Pictures in the material below are to be left out, and only the lines from the line with "torre de observación" up to and including the line with "TeXGyreAdventor-BoldItalic Social Header" are to be written out exactly.

EXERCISE DATA:
-- Opening Marker --

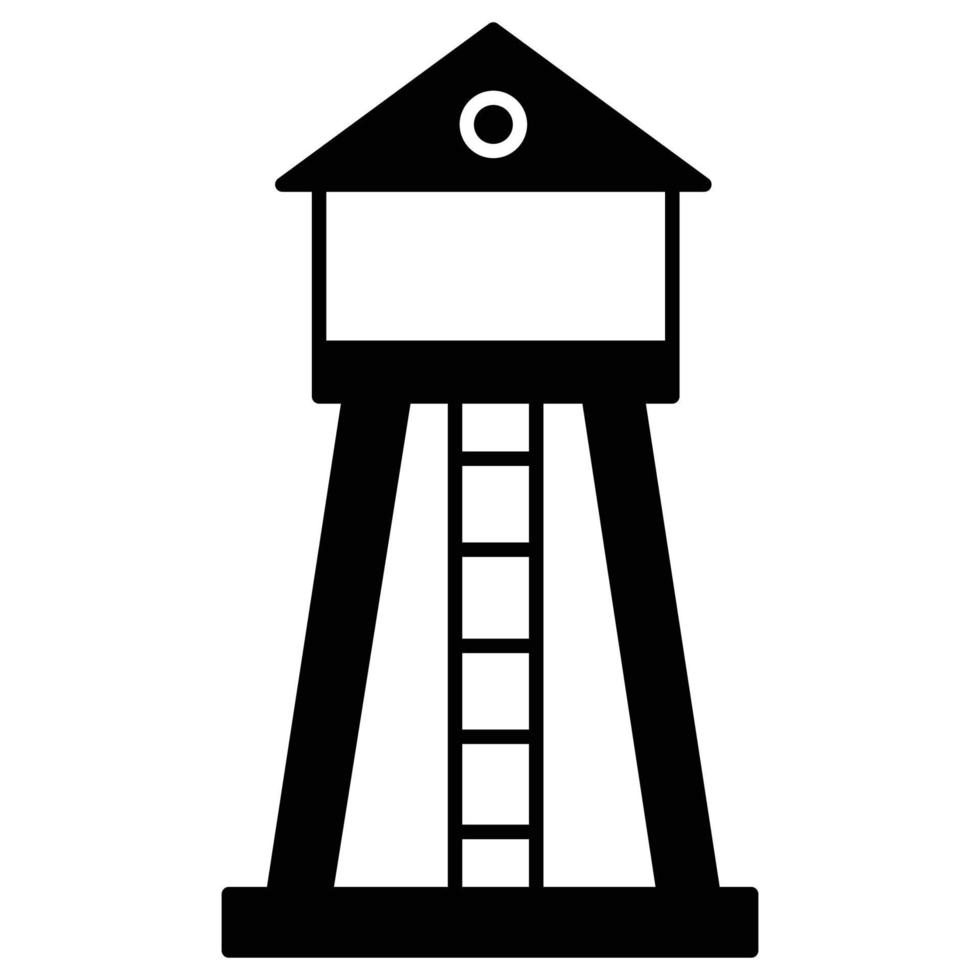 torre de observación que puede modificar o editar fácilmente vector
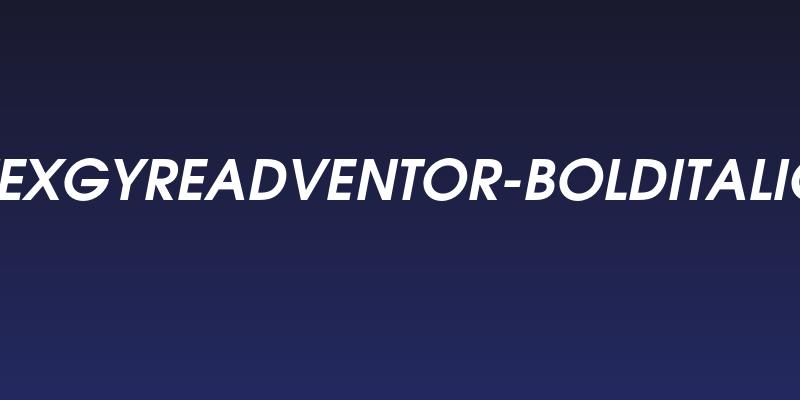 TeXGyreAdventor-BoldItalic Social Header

-- Closing Marker --
-- Opening Marker --

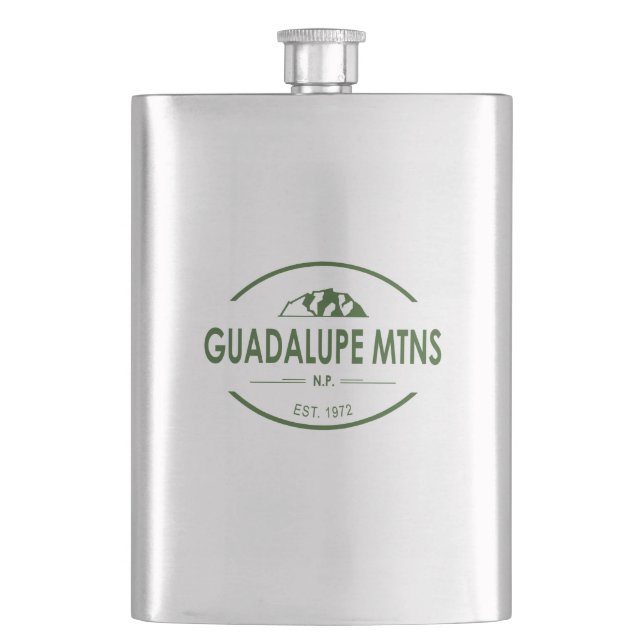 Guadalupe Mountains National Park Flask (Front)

-- Closing Marker --
-- Opening Marker --

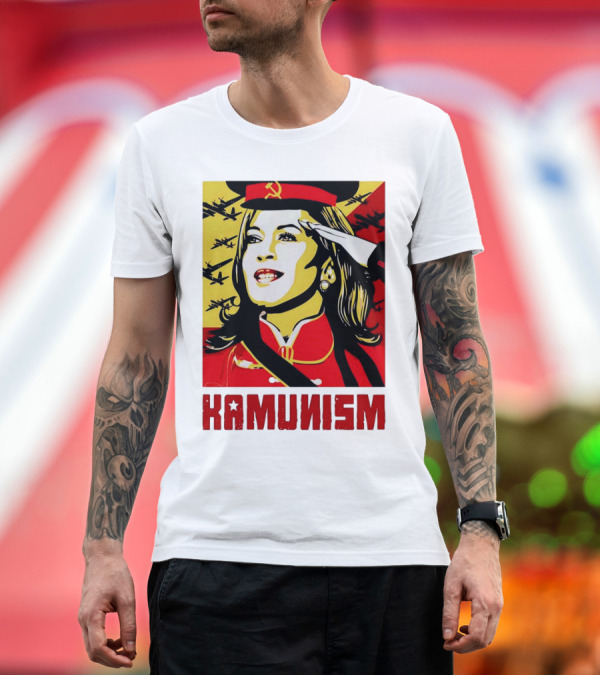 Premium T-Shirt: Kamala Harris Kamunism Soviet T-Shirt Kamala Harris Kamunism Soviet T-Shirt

-- Closing Marker --

ANSWER SPACE:
 torre de observación que puede modificar o editar fácilmente vector
 TeXGyreAdventor-BoldItalic Social Header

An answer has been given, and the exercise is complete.